Starve the Opioids, Build the Wall

Republican senators added $45 billion over ten years to their health-care bill for treating America’s opioid binge. It’s a crass vote-buying Band-Aid that does nothing to stop the cross-border drug trafficking that’s feeding the addiction.

Mexico is the world’s third largest producer of heroin – an opioid drug — and Mexican heroin now controls over 50 percent of the market share. Additionally, most of the heroin from Colombia and South East Asia comes to the U.S. via Mexican drug cartels.

A border wall would choke that flow.

House Majority Leader Kevin McCarthy, R-Calif., points out that the opioid epidemic stems “not only from abuse (of prescription drugs), but from the illicit drug trade.” America, he said, is “consistently a step behind in stopping trafficking of opioids and other illegal drugs.”

The U.S. lags behind, in part, because Washington continues to slow-walk construction of a wall along strategic areas of the 2,000-mile-long, drug-infested border.

Meantime, the situation is deteriorating across northern Mexico.
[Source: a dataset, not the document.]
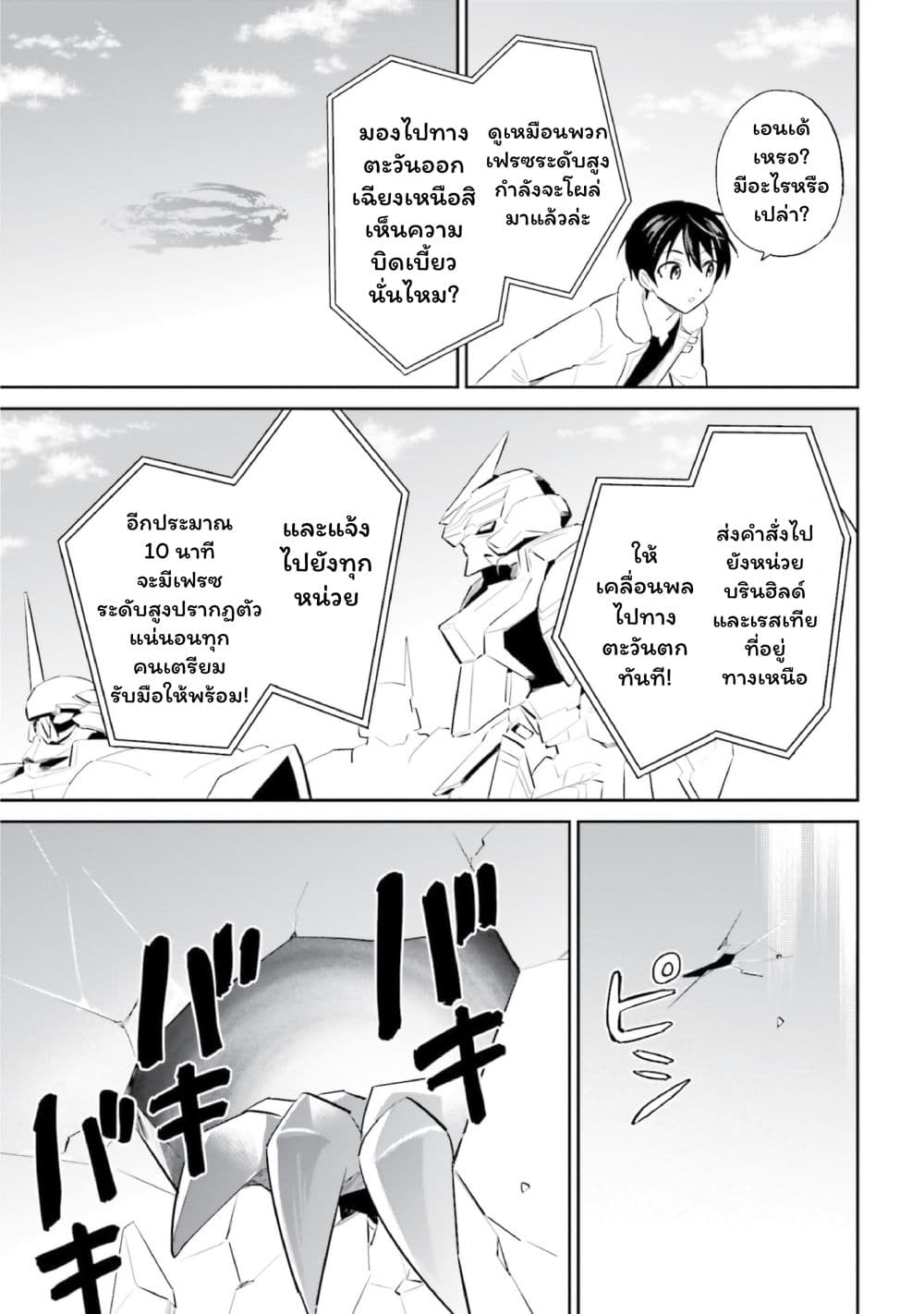 In Another World With My Smartphone ไปต่างโลกกับสมาร์ทโฟน page 9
Drug-related killings have surged there, with more than 11,000 deaths during the first five months of this year, on pace for the deadliest year in the country’s post-revolutionary history.

The House spent four straight days this session considering more than a dozen bills addressing the opioid issue. Not a single measure addressed securing the border to stop drug trafficking.

FAIR: The current state of the border wall

In addition to treatment for opioid addicting Americans, we must also invest in border security infrastructure to interdict the entry of these dangerous drugs to the United States.